* DIRECTIONS
Although the data below holds other lines too, output only those from the line with "Barn owl muismat" up to and including the line with "配电柜中PAMC503L一250", exactly as they appear.

───── SUPPLIED ENTRIES

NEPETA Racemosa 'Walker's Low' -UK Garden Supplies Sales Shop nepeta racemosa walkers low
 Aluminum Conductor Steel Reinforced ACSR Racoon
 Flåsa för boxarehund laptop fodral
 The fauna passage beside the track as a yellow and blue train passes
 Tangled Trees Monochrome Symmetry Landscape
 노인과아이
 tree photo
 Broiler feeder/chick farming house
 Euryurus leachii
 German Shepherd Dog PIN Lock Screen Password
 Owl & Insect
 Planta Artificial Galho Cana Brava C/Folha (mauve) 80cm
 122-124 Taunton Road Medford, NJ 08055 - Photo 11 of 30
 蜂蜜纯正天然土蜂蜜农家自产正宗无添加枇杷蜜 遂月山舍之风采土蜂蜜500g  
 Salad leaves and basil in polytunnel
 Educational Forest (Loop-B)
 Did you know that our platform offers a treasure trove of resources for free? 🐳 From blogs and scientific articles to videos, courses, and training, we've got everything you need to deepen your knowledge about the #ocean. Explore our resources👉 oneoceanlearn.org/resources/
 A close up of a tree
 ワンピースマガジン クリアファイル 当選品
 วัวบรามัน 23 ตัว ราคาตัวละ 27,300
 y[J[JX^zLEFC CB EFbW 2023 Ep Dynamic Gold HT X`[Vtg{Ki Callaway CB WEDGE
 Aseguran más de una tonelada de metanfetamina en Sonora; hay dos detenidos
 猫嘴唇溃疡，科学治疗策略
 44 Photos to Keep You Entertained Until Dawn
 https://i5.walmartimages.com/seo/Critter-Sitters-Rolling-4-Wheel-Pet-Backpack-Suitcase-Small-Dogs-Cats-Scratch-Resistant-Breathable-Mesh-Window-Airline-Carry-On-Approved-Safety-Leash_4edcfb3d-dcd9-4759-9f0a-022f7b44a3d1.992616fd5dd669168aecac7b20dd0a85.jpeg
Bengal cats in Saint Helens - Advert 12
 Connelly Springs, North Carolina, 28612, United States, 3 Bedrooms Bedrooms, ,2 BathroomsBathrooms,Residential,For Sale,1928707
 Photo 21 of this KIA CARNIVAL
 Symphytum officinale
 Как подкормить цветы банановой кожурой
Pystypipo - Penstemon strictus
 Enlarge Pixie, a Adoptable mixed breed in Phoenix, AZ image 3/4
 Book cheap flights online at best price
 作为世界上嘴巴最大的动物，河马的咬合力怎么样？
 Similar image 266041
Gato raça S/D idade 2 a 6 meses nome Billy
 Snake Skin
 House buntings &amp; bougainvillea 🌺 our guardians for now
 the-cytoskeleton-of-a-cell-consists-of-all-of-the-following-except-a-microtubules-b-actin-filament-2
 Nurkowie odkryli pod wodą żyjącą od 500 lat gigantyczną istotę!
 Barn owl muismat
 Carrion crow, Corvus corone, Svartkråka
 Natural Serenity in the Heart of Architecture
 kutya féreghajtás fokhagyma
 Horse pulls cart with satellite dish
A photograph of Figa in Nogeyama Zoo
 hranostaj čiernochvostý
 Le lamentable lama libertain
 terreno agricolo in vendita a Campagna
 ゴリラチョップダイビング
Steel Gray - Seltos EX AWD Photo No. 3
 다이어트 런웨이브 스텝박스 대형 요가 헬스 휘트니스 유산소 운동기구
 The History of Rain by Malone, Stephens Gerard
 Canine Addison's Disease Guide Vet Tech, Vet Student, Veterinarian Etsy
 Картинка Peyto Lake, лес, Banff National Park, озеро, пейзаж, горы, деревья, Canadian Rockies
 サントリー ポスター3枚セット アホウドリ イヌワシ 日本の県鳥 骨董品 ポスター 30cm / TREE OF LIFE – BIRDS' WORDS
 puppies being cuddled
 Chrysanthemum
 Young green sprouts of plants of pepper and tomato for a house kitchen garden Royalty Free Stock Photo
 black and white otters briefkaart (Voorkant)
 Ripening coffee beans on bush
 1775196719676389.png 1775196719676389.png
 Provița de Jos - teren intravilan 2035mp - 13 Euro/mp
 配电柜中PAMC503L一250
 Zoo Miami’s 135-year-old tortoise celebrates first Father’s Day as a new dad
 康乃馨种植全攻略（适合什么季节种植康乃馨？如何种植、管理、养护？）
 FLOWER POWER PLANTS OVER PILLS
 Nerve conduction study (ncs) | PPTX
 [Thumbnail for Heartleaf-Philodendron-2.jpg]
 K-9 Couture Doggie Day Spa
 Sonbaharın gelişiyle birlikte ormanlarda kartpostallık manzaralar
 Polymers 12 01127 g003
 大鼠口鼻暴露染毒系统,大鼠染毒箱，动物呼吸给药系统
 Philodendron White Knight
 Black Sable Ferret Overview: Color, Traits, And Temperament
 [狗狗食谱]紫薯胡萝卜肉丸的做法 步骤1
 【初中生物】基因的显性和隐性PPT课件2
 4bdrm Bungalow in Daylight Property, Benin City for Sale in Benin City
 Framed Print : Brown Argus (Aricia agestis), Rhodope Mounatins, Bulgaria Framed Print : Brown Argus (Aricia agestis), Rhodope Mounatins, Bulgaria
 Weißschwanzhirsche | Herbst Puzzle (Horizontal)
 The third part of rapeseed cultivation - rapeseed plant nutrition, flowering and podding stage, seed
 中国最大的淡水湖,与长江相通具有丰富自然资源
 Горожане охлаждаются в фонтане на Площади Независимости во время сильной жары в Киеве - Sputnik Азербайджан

──────────

* SOLUTION FOR THIS EXERCISE
 Barn owl muismat
 Carrion crow, Corvus corone, Svartkråka
 Natural Serenity in the Heart of Architecture
 kutya féreghajtás fokhagyma
 Horse pulls cart with satellite dish
A photograph of Figa in Nogeyama Zoo
 hranostaj čiernochvostý
 Le lamentable lama libertain
 terreno agricolo in vendita a Campagna
 ゴリラチョップダイビング
Steel Gray - Seltos EX AWD Photo No. 3
 다이어트 런웨이브 스텝박스 대형 요가 헬스 휘트니스 유산소 운동기구
 The History of Rain by Malone, Stephens Gerard
 Canine Addison's Disease Guide Vet Tech, Vet Student, Veterinarian Etsy
 Картинка Peyto Lake, лес, Banff National Park, озеро, пейзаж, горы, деревья, Canadian Rockies
 サントリー ポスター3枚セット アホウドリ イヌワシ 日本の県鳥 骨董品 ポスター 30cm / TREE OF LIFE – BIRDS' WORDS
 puppies being cuddled
 Chrysanthemum
 Young green sprouts of plants of pepper and tomato for a house kitchen garden Royalty Free Stock Photo
 black and white otters briefkaart (Voorkant)
 Ripening coffee beans on bush
 1775196719676389.png 1775196719676389.png
 Provița de Jos - teren intravilan 2035mp - 13 Euro/mp
 配电柜中PAMC503L一250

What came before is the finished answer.